Disclaimer: Science Buddies occasionally provides information (such as part numbers, supplier names, and supplier weblinks) to assist our
users in locating specialty items for individual projects. The information is provided solely as a convenience to our users. We do our best to
make sure that part numbers and descriptions are accurate when first listed. However, since part numbers do change as items are obsoleted
or improved, please send us an email if you run across any parts that are no longer available. We also do our best to make sure that any
listed supplier provides prompt, courteous service. Science Buddies receives no consideration, financial or otherwise, from suppliers for these
listings. (The sole exception is any Amazon.com or Barnes&Noble.com link.) If you have any comments (positive or negative) related to
purchases you've made for science fair projects from recommendations on our site, please let us know. Write to us at
scibuddy@sciencebuddies.org.
Experimental Procedure

1. Do your background research so that you are knowledgeable about the terms, concepts, and questions, above.
2. Build six identical desalination devices, using the illustrations and descriptions of the experimental apparatus from the Introduction
as a guide. Here are some tips:
a. Work carefully with the utility knife. Using a new, sharp blade will make the job easier.
b. Be careful with your fingers around the cut edges of the bottle: they will be sharp!
c. The plastic cling wrap covering the cut-out top of the large bottle needs to seal tightly. Otherwise water vapor will be able to
escape, instead of condensing on the plastic.
d. Remember to cover your collection cups tightly or the condensate will evaporate.
e. To prevent evaporative losses, you can use modeling clay to seal the around the straws where they pass through holes.
f. Add aluminum foil reflectors to three of the devices, and leave three without reflectors (see Figure 2, above).
g. Cut a hole near the top of the side of each device for access for the conductivity meter. Cover the hole with a tightly balled-
up piece of plastic wrap when you are not making measurements, to prevent evaporation.
3. Test the performance of the devices.
a. Set them up at the same time, in a location where they will all receive direct sunlight for the entire duration of the
experiment.
b. Use the same amount of salt water in each of the devices.
c. Check the initial conductivity and temperature of the salt water in each device.
d. Check the conductivity and temperature of the salt water at occasional intervals throughout the experiment.
e. Measure the volume of the collected condensate at the end of the experiment by pouring it into a Pyrex® measuring cup or
graduated cylinder.
f. Check the conductivity of the collected condensate at the end of the experiment.
4. How does the conductivity of the condensate compare to the conductivity of the starting salt water? To normal tap water?
5. What was the average amount of condensate collected for each device?
6. Did the reflector improve the performance of the devices in terms of amount produced?
7. Taking 3 liters as the minimum required amount of drinking water per person per day (NAS, 2004), how many devices would you
need to produce enough water for your survival needs? You can divide the volume of condensate by the total time of the experiment
to get an average collection rate (mL/hour).

Variations

• In this experiment you compared the performance of desalination devices with and without an aluminum foil reflector. What do you
think would happen if you used a black wrapper (e.g., aluminum foil painted black) on the bottom side of the desalination device?

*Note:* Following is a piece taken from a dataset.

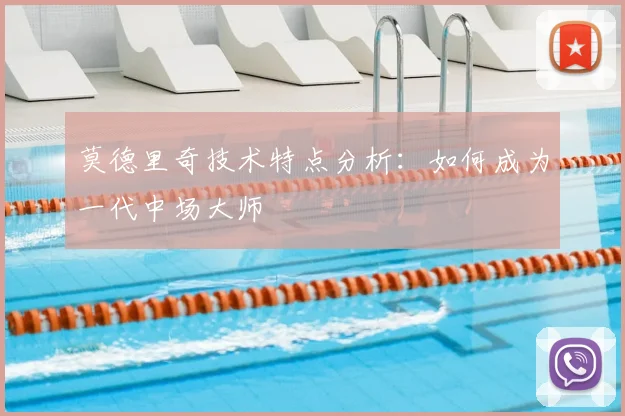 莫德里奇技术特点分析：如何成为一代中场大师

• How does the collection rate change during the course of the day? For this experiment, it would be a good idea to have your
collection container marked with graduated volumes. That way you can measure collection volumes easily without disturbing the
collection system.

• Solar ovens are easy to build and can be very efficient for heating water when well-designed. The Science Buddies project Now
You're Cooking! shows how to build a solar oven. Can you adapt a solar oven to make a solar-powered desalination device? Is it
more or less efficient than the plastic bottle desalination device from this project?